▸ **Work to be completed**
Each entry should be given again exactly, with any image left out.

BEGIN Data records

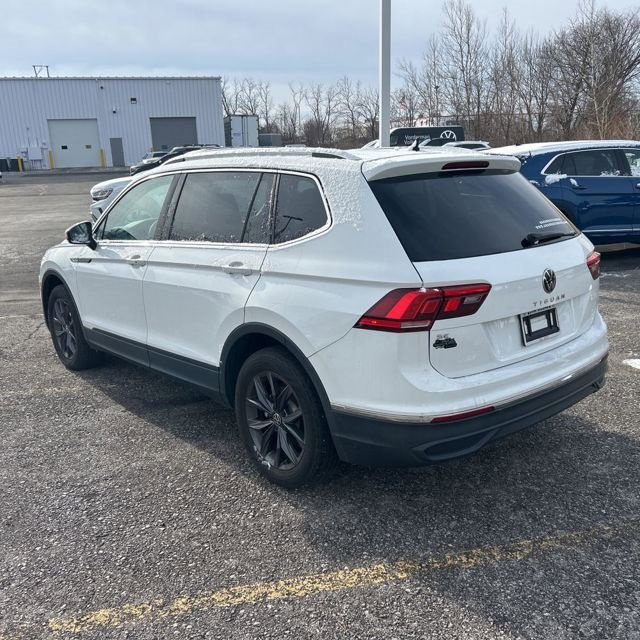 Used 2022 Volkswagen Tiguan SE w/ Panoramic Sunroof Package image 6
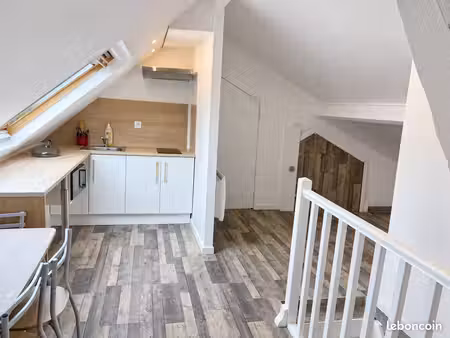 thiais – appartement meublé mansardé et climatisé – 33 m²  plus de 40 m² au sol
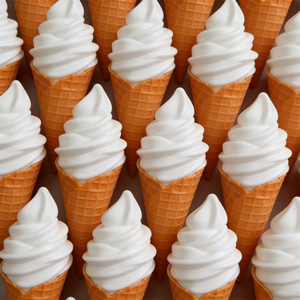Modelo de Helado Suave de Espuma de PVC Ecológico, Cono de Helado Artificial de Vainilla con Patrón de Corazón, Accesorio de Comida Falsa Realista - Product Image 1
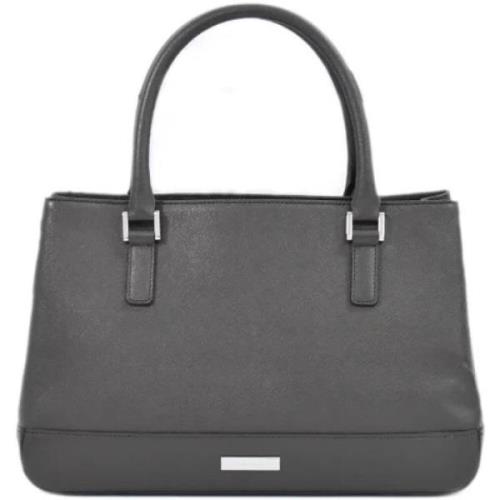 Pre-owned Leather handbags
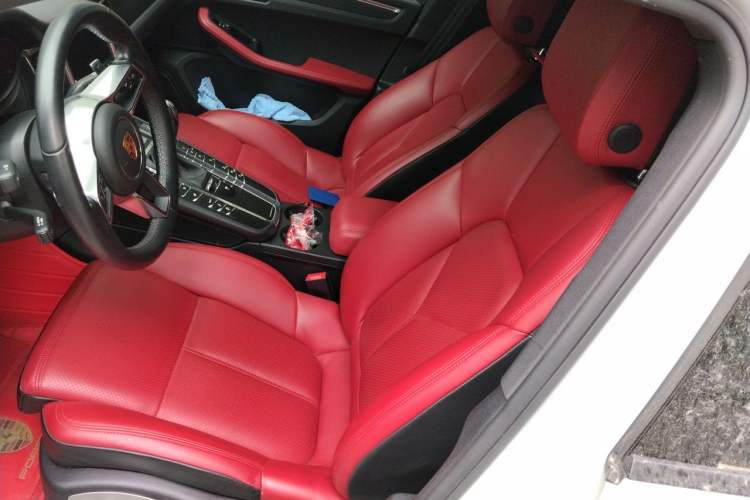 Used Porsche Macan 2017 Macan 2.0T Left Front Seat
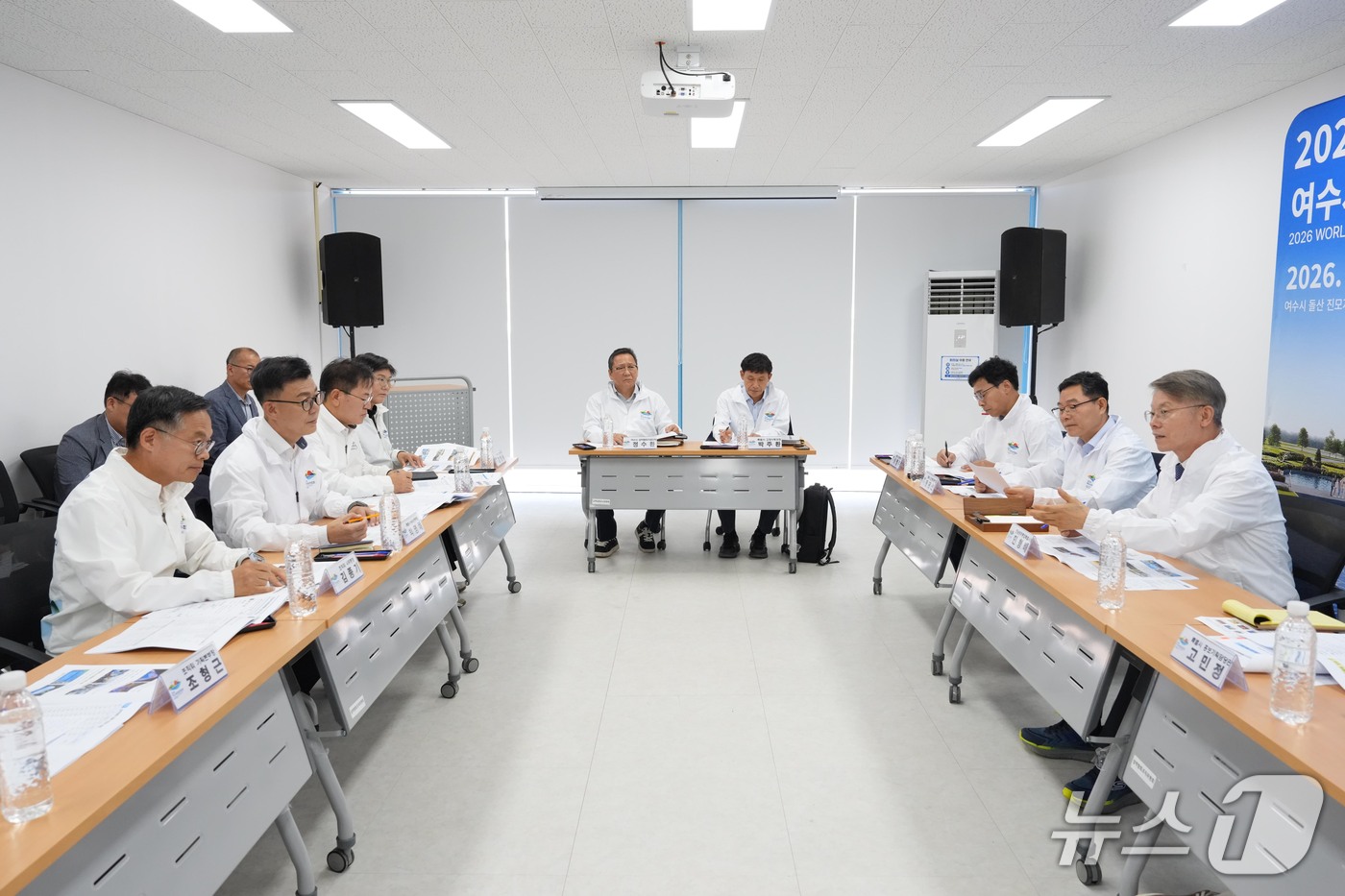 (전남광주=뉴스1) 전원 기자 = 민형배 전남광주통합특별시장이 2일 여수세계섬박람회 주행사장 운영본부 회의실에서 열린 ‘2026여수세계섬박람회 중간점검’에서 관람객 유치확대 방안 …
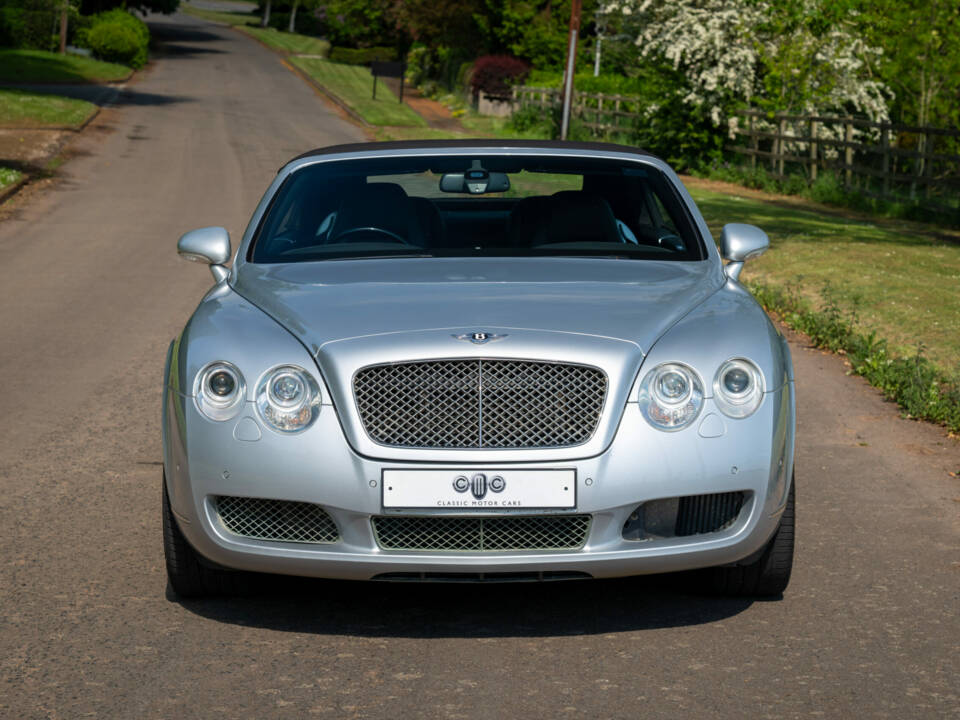 Image 2/12 of Bentley Continental GTC (2008)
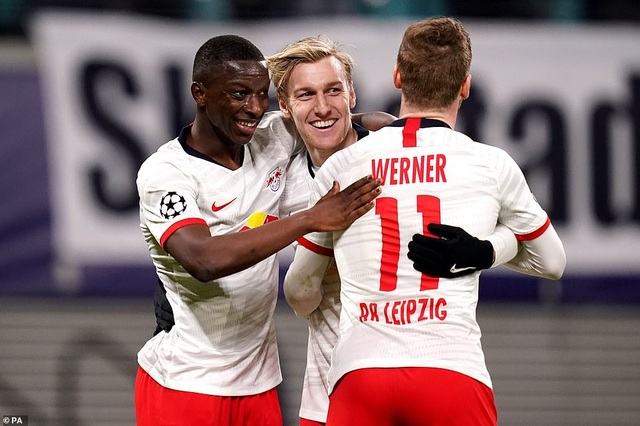 Những khoảnh khắc Tottenham chia tay Champions League đầy cay đắng - 13 Những khoảnh khắc Tottenham chia tay Champions League đầy cay đắng - 13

END Data records

▸ **Task output**
 Used 2022 Volkswagen Tiguan SE w/ Panoramic Sunroof Package image 6
 thiais – appartement meublé mansardé et climatisé – 33 m²  plus de 40 m² au sol
Modelo de Helado Suave de Espuma de PVC Ecológico, Cono de Helado Artificial de Vainilla con Patrón de Corazón, Accesorio de Comida Falsa Realista - Product Image 1
 Pre-owned Leather handbags
 Used Porsche Macan 2017 Macan 2.0T Left Front Seat
 (전남광주=뉴스1) 전원 기자 = 민형배 전남광주통합특별시장이 2일 여수세계섬박람회 주행사장 운영본부 회의실에서 열린 ‘2026여수세계섬박람회 중간점검’에서 관람객 유치확대 방안 …
 Image 2/12 of Bentley Continental GTC (2008)
 Những khoảnh khắc Tottenham chia tay Champions League đầy cay đắng - 13 Những khoảnh khắc Tottenham chia tay Champions League đầy cay đắng - 13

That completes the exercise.